Of Memories and Bhuna Ghosht!

Posted on Posted in Recipe, Traditional

Mutton Bhuna

My childhood is dotted with happy food memories from across the country,but one particular food memory that came from across the border holds a very very special place in my heart. When I was very little we had a wonderful Punjabi family right next door-The Mehtas. Mehta Uncle and Aunty grew up in Sind and migrated to India during the partition…atop a train. I guess if I look close enough I will actually spot them in those pictures in Khushwant Singh’s partition saga- ‘Train to Pakistan’!

When I entered their lives 48 years later, Sind for them was a very distant memory. While their roots were well grounded in Hindustan, Sind was where their heart belonged. In me they found an ardent listener of their past- their childhood, their youth, their marriage and of course the wonderful food.
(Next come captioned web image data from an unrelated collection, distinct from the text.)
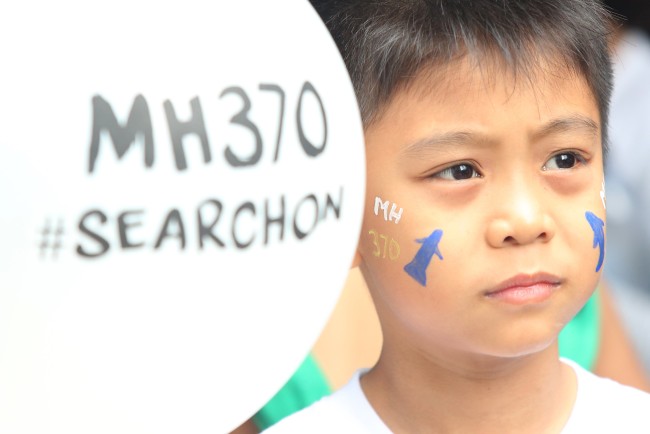 A Malaysian child holds a balloon and gets his face painted for the victims of the missing MH370 airplane in Kuala Lumpur, Malaysia on March 04, 2017, in commemoration of Malaysia Airlines Flight MH370. [File photo: IC/Alexandra Radu]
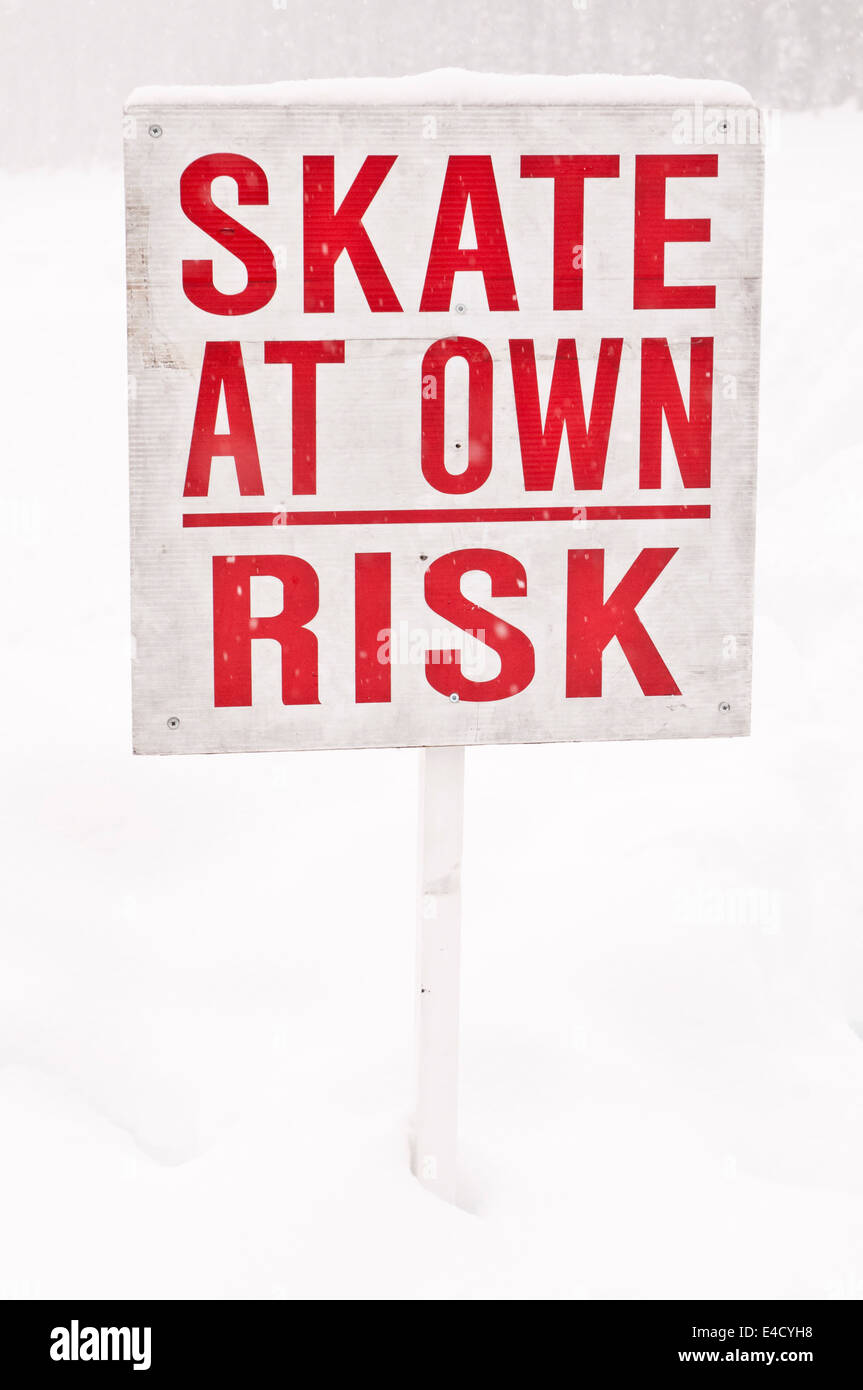 Skate At Own Risk, sign at Lake Louise, Banff National Park, Alberta Stock Photo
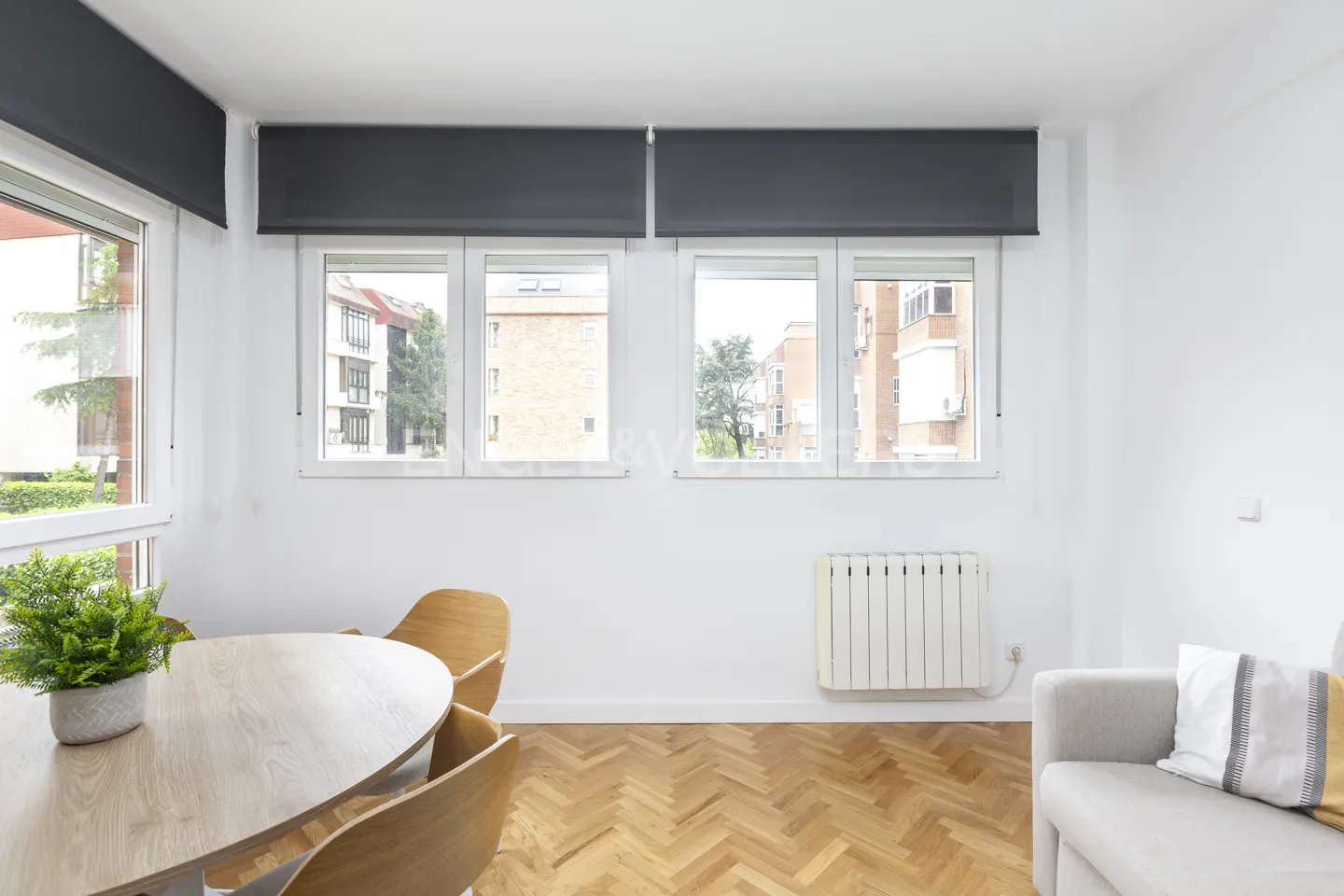 Bright living room with white walls, herringbone wood floor, round table, and gray sofa. Windows with black blinds overlook city buildings.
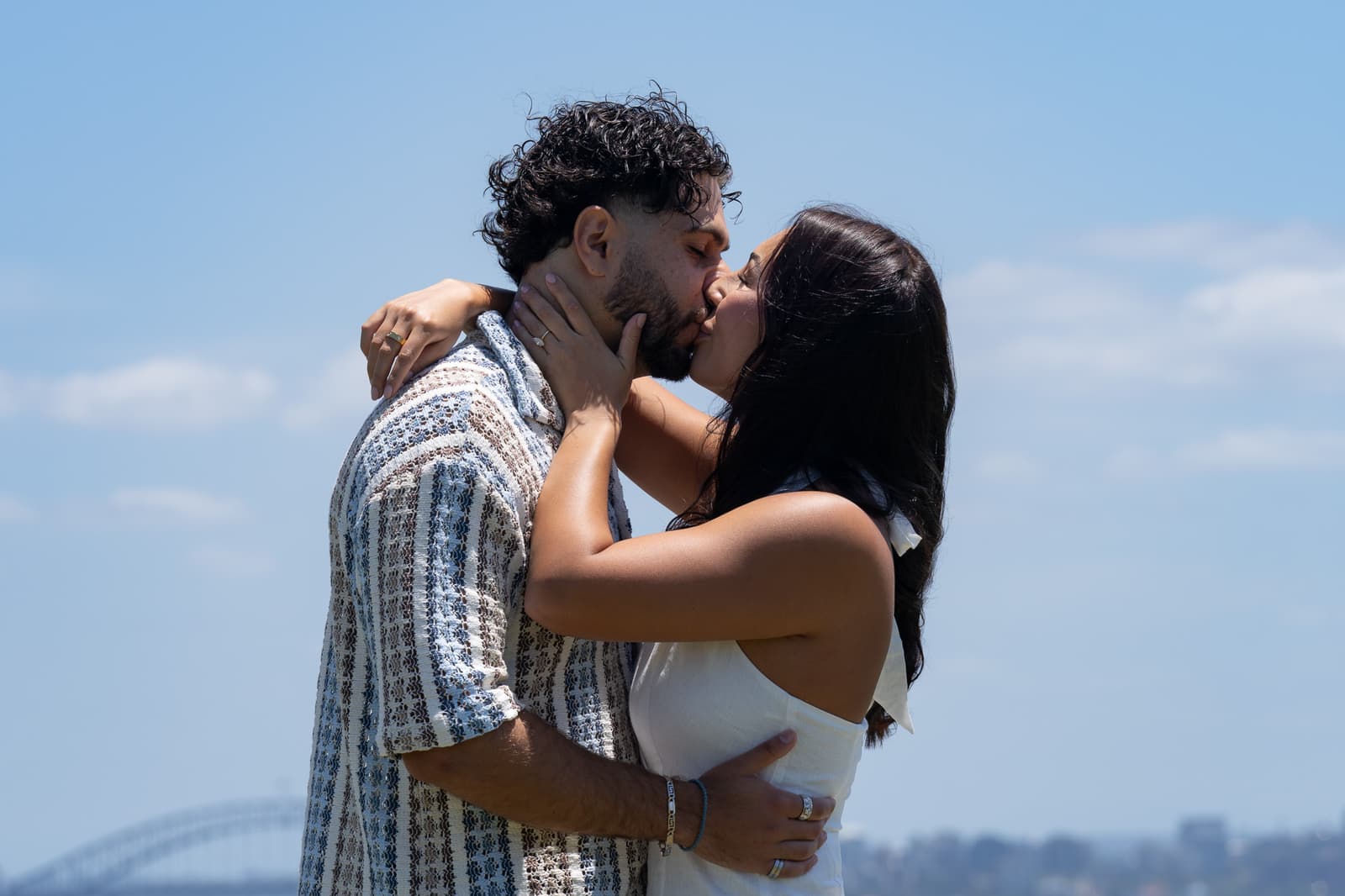 Newly engaged couple kissing under a clear blue sky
While I was blown away with Uncle’s flair of cross border story telling, my mother would observe Mehta aunty in the kitchen as she spun her magic. Her cooking followed very simple traditional techniques and all her creations were laced with love. I still  vividly remember those piping hot Milton casseroles that arrived at our doorstep. My mother learnt a lot of cooking from her and diligently noted down all her recipes in a journal. Thank God for that!
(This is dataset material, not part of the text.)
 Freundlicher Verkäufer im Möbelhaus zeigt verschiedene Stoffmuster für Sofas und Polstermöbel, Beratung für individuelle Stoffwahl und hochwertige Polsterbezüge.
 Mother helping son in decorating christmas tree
Today on Chatore Diaries, as I scan through that journal, I relive Mehta Aunty’s memories with her signature dish from Sind- Bhuna Ghosht! Here is my humble attempt to recreate Mehta Aunty’s magic.

 

The Ingredients

  • 500 grams boneless mutton
  • 3 pods green cardamom
  • 1 pod black cardamom
  • 2 bay leaves
  • 1 cinnamon stick
  • 6 large onions, sliced thin
  • 6 cloves garlic
  • 1 (1/2 inch) piece fresh ginger
  • 2 teaspoons Kashmiri red chili powder
  • 1 teaspoon ground cumin
  • 1/2 teaspoon ground turmeric
  • salt, to taste
  • 2 tomatoes, pureed
  • 2 tablespoons water
  • 5-6 green chillies finely chopped
  • A handful of fresh coriander

 Ingredients

 

 

The Making

  • Heat some oil in large kadhai.
  • Once the oil is hot enough, pop in the green and black cardamom pods,the bay leaves and the cinnamon. Fry till a wonderful aroma fills your kitchen. However, be careful not to burn any of these whole spices.

Saute Masalas

  • The onions, ginger and garlic go in next. Sauté the mixture till the onions are browned evenly. Golden brown is the colour we are aiming for.

Saute Onions and Giner

 

  • Once the perfect brown is achieved, add the red chilli powder, turmeric and the cumin. Give this mixture a good mix.

Masalas

 

  • The puréed tomatoes go in next. Work your ladle through this mixture and fry very well till the oil separates to the sides of the pan.

Add Puree

 

  • Toss in your mutton next along with the finely chopped green chillies and some fresh coriander.

Add Mutton

 

  • Fry the mutton very well in the masala, till all of it is very well coated
  • The trick in this dish is that the mutton should cook in its own juices,so traditionally very less water is added.
  • Once the mutton pieces are well coated with the masala, add some water just enough to douse all of the mutton, but be sure not to add too much.
  • Cover the kadhai and let the mutton simmer away. This very authentic method takes around an hour and a half till the meat is well done.
  • Once the meat has been cooked through,uncover your kadhai and let the gravy thicken.
  • Garnish with some freshly chopped coriander leaves.

Serve hot with parathas, phulkas or  naans! Enjoy!!!